Like us, dogs need mental stimulation and regular exercise to stay happy and healthy. They also share our social natures. When you watch your dog out in the yard, you may have noticed that he spends a lot of time lying in his favorite spots, rather than running around. After all, playing catch with yourself is nowhere near as fun as playing with a friend, and most dogs need encouragement from their owners to exercise.
Regular games of fetch, training sessions, and playdates with other dogs in the backyard are all great ways to keep your pup in shape. Exercise in the yard, however, isn’t enough. Imagine spending all your time at home. Even the best home fitness center and an endless supply of your favorite books and TV shows might get boring after a while.
Dogs are no different. The sights, sounds, and smells of the world beyond your house offer much needed stimulation, and help prevent destructive, boredom-related behaviors like barking and inappropriate chewing. Plus, time outside the home exposes your dog to new experiences, which is essential for continued socialization.
As tempting as it might be to leave your dog to play in the yard for long periods of time, there are some serious risks to consider.

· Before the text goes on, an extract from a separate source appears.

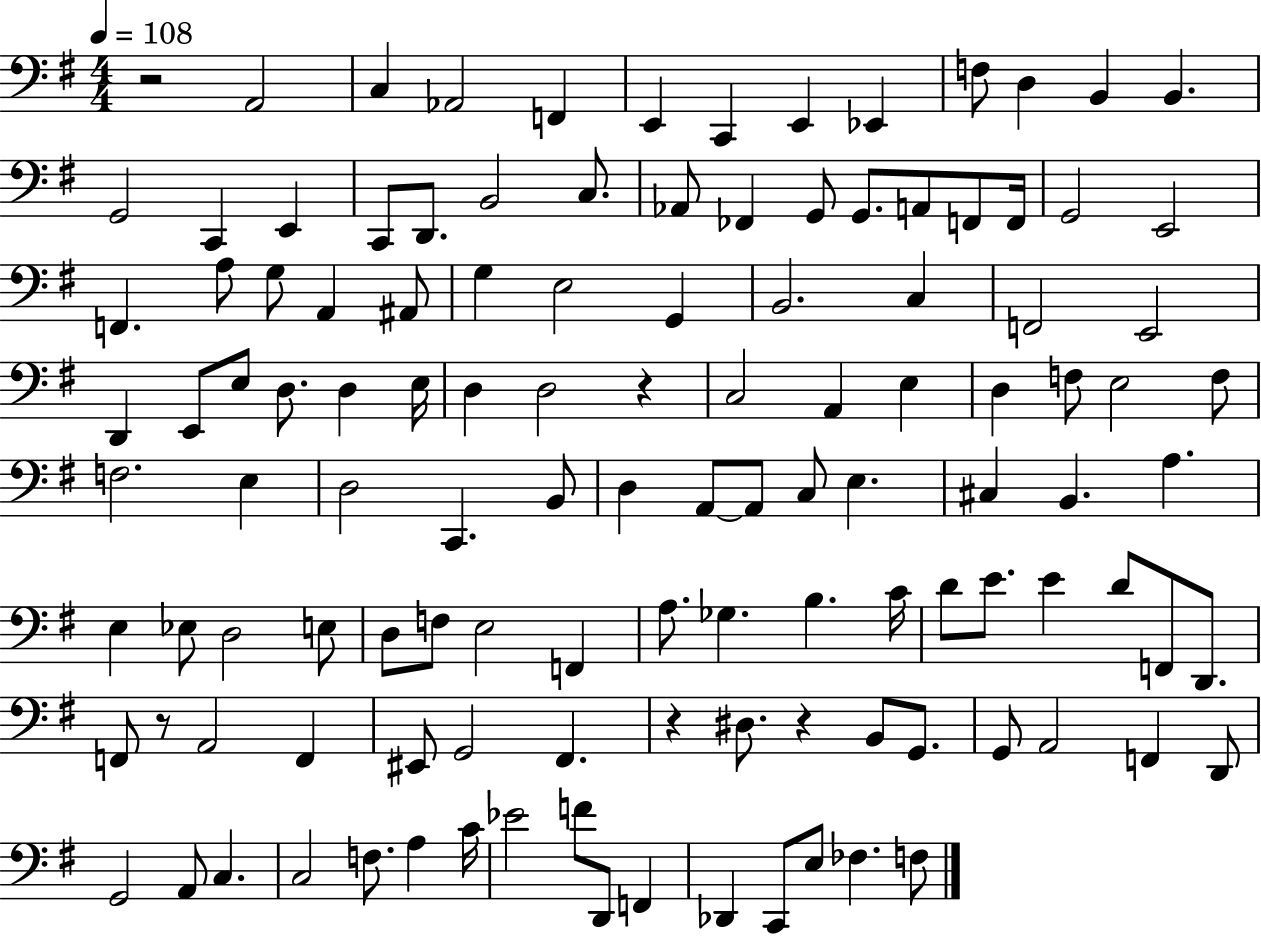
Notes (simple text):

R/h A2/h C3/q Ab2/h F2/q E2/q C2/q E2/q Eb2/q F3/e D3/q B2/q B2/q. G2/h C2/q E2/q C2/e D2/e. B2/h C3/e. Ab2/e FES2/q G2/e G2/e. A2/e F2/e F2/s G2/h E2/h F2/q. A3/e G3/e A2/q A#2/e G3/q E3/h G2/q B2/h. C3/q F2/h E2/h D2/q E2/e E3/e D3/e. D3/q E3/s D3/q D3/h R/q C3/h A2/q E3/q D3/q F3/e E3/h F3/e F3/h. E3/q D3/h C2/q. B2/e D3/q A2/e A2/e C3/e E3/q. C#3/q B2/q. A3/q. E3/q Eb3/e D3/h E3/e D3/e F3/e E3/h F2/q A3/e. Gb3/q. B3/q. C4/s D4/e E4/e. E4/q D4/e F2/e D2/e. F2/e R/e A2/h F2/q EIS2/e G2/h F#2/q. R/q D#3/e. R/q B2/e G2/e. G2/e A2/h F2/q D2/e G2/h A2/e C3/q. C3/h F3/e. A3/q C4/s Eb4/h F4/e D2/e F2/q Db2/q C2/e E3/e FES3/q. F3/e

Extremes of heat and cold can negatively impact all dogs. Some breeds, like brachycephalic breeds (dogs with a flat and wide skull shape), are especially heat intolerant, while others, like Italian Greyhounds, are cold intolerant. Leaving these dogs in the yard unsupervised can lead to heat stroke or hypothermia, and even mild days can be too warm if your dog does not have adequate shade and shelter from the elements.
Weather conditions are not the only threat. Small dogs make appealing targets for wildlife like coyotes and hawks, and potential theft is a real concern for many dog owners.
Sometimes our dogs are their own worst enemy. Enthusiastic chewers might ingest a foreign object or choke on a stick or toy. Escape artists may dig, climb, or squeeze their way through fences, and backyards with pools pose the risk of drowning. The safest way to encourage yard play is to make sure you or another trusted person are present.
Interactive Yard Play
The amount of exercise your dog needs varies from breed to breed. High energy breeds like Labrador Retrievers and Border Collies need at least an hour of intense exercise most every day, while brachiocephalic breeds like Pugs and Bulldogs may be content with a few short walks. Talk with your veterinarian about your dog’s exercise requirements and how to safely work fitness into your dog’s routine if he has any complicating health issues.
Yards do have their place in your dog’s exercise routine. We don’t always have time to take our pups for long walks. Family and work obligations get in the way, and some days, we are just too tired to take our canine companion for a jog. Yards offer a convenient alternative. A high-energy game of fetch and some obedience training can still go a long way.